* [THE PROBLEM] For the records below, output word for word the lines from the one with "Full Moon Enamel Pin" up to and including the one with "Randy Feenstra officially". No pictures.

* [PROVIDED DATA]
########################################

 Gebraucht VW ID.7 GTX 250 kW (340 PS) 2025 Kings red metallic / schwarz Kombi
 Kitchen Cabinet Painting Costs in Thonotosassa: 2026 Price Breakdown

########################################

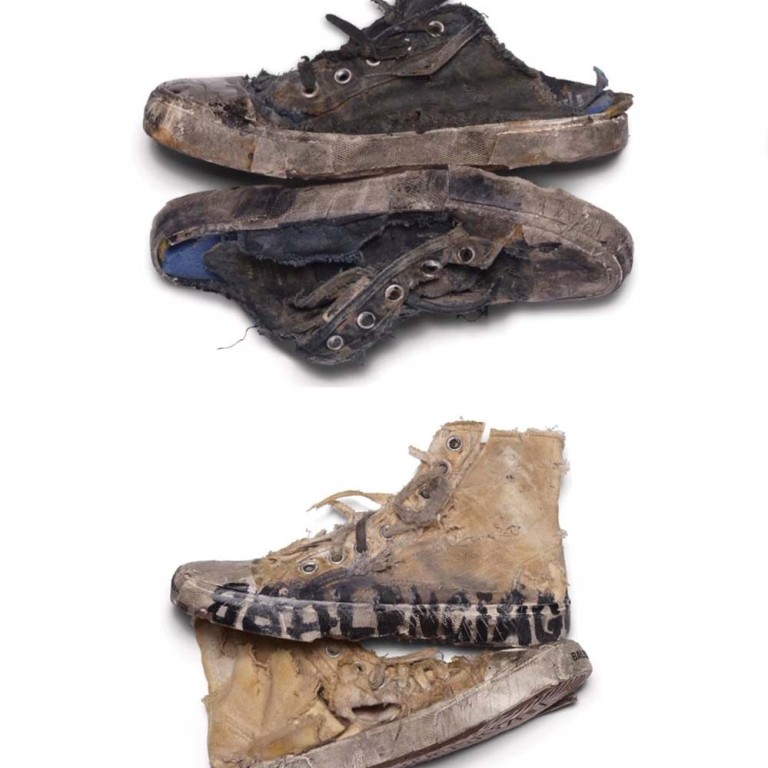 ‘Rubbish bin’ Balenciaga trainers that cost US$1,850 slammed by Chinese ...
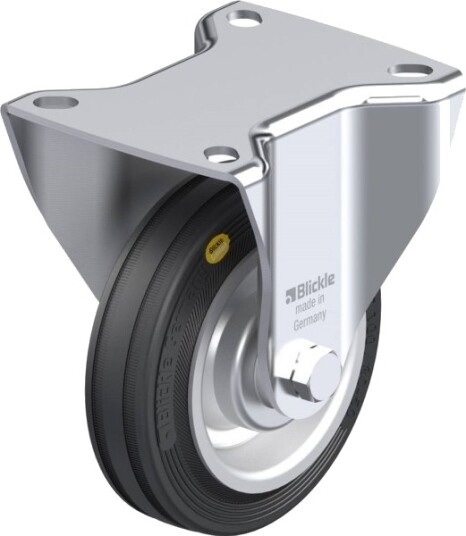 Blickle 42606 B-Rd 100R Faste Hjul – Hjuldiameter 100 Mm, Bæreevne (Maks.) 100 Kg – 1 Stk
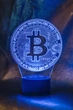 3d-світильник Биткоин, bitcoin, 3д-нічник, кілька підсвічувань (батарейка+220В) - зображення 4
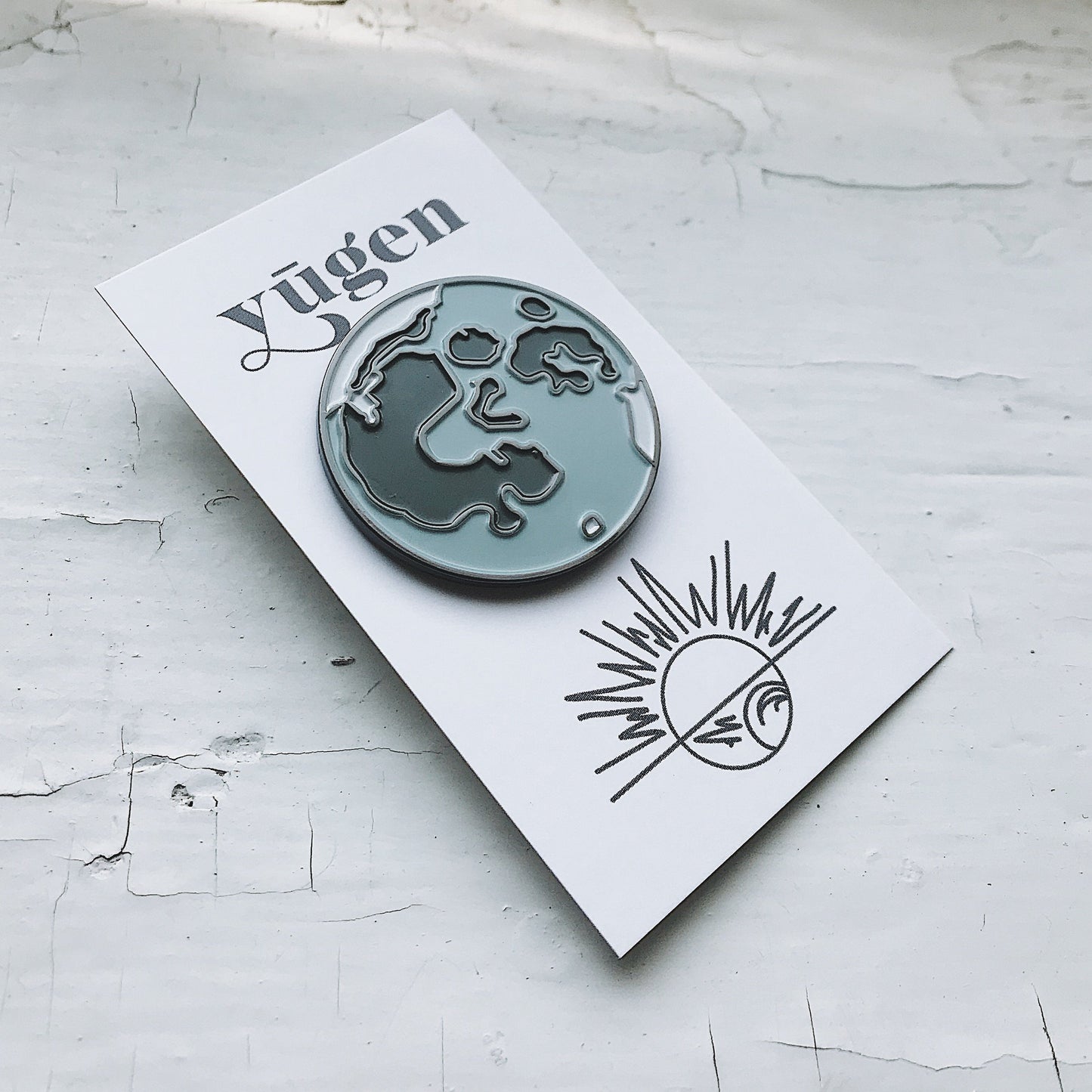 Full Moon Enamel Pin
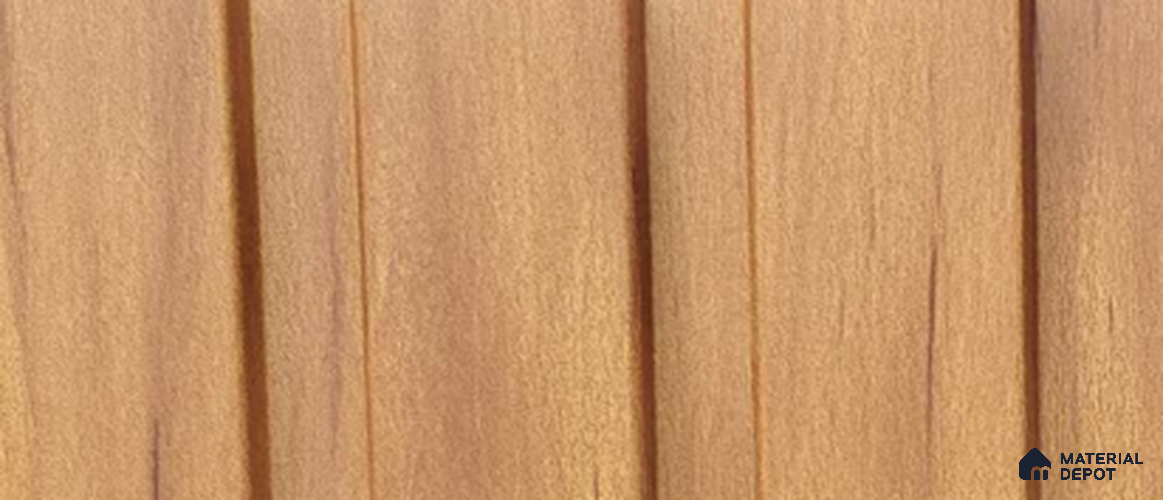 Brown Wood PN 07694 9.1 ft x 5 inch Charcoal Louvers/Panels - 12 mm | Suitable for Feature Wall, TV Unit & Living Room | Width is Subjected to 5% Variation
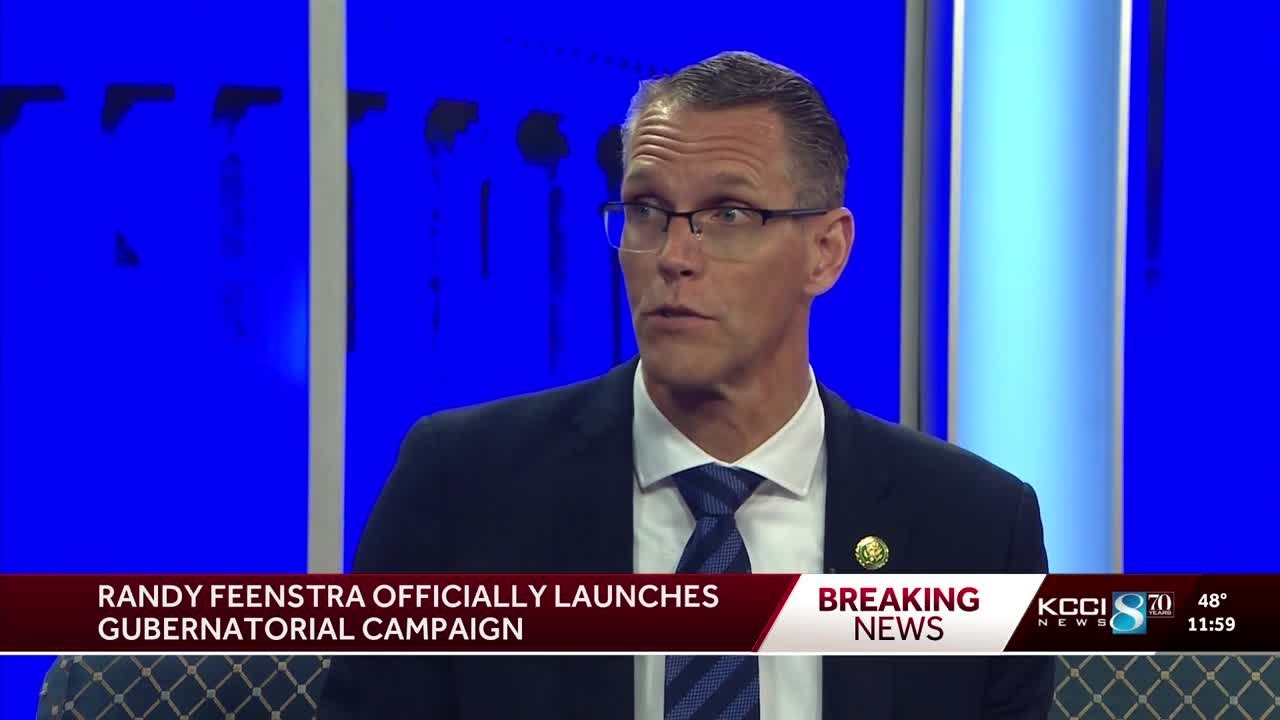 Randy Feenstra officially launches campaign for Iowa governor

########################################

* [REPLY]
 Full Moon Enamel Pin
 Brown Wood PN 07694 9.1 ft x 5 inch Charcoal Louvers/Panels - 12 mm | Suitable for Feature Wall, TV Unit & Living Room | Width is Subjected to 5% Variation
 Randy Feenstra officially launches campaign for Iowa governor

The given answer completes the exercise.